Stability AI Releases Open-Source Video Generator
Stability AI has launched Stable Video Diffusion, an open-source model for text-to-video generation. The tool converts text prompts into video clips and allows for customizable frame rates from 3 to 30 fps. The model is positioned as a flexible, rapid-prototyping alternative to proprietary tools like OpenAI's Sora and ByteDance's Seedance.
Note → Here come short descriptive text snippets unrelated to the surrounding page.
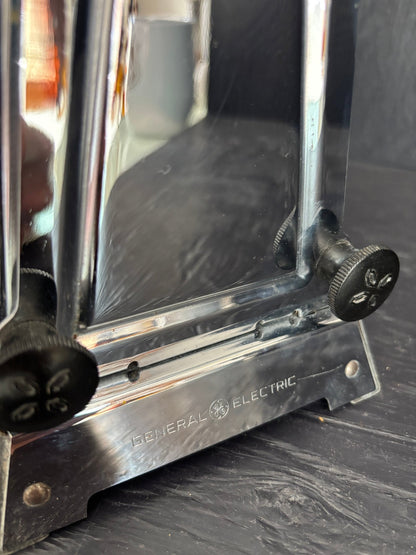 Vintage General Electric 2 Slice Drop Side Toaster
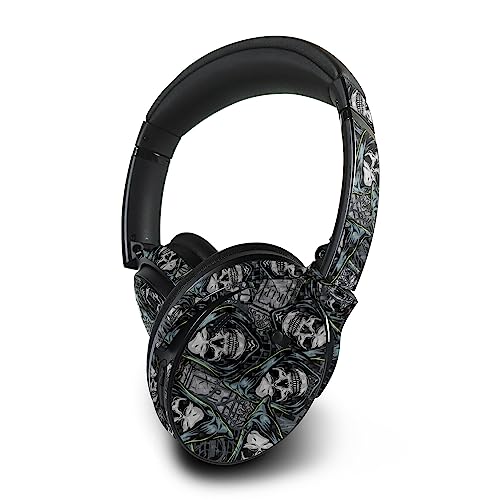 Image of MightySkins Skin Compatible with Bose QuietComfort 45 Headphones - Puppy Fall | Protective, Durable, and Unique Vinyl Decal wrap Cover | Easy to Apply, Remove, and Change Styles | Made in The USA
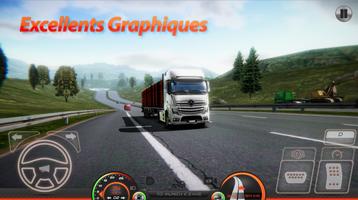 Simulateur de Camion:Europe 2 Affiche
- The initial release consists of two image-to-video models: SVD, which generates 14 frames, and SVD-XT, which is fine-tuned to generate 25 frames. The model's code was made available on GitHub, with weights accessible on Hugging Face for research-only purposes. - To train the model, Stability AI developed a "Large Video Dataset" (LVD) containing 580 million video clips, which amounts to a runtime of 212 years. A systematic curation process involving synthetic captioning and aesthetic scoring was used to prepare the data. - The model is an extension of the Stable Diffusion 2.1 architecture, incorporating temporal convolution and attention layers to model the time dimension in videos. This allows it to generate video from a single conditioning image. - While OpenAI's Sora can generate videos up to 60 seconds long at 1080p resolution, Stable Video Diffusion's output is shorter, around 4 seconds, at a resolution of 576x1024 pixels. SVD's key differentiator is its open-source availability, allowing for local execution and fine-tuning. - User controls offer a degree of creative input beyond the initial prompt. Key parameters include `motion_bucket_id` to adjust the intensity of motion and `noise_aug_strength`, which influences how closely the video output adheres to the initial conditioning image. - In early user preference studies, Stable Video Diffusion was preferred over closed models like Runway Gen-2 and Pika in terms of overall video quality. - The model serves as a base for more advanced applications; Stability AI has since released Stable Video 4D, which builds on SVD to generate 3D video with multiple camera angles from a single video input. - Beyond text-to-video, the model is designed for multi-view synthesis from a single image, a feature that can be enhanced by fine-tuning on specific multi-view datasets.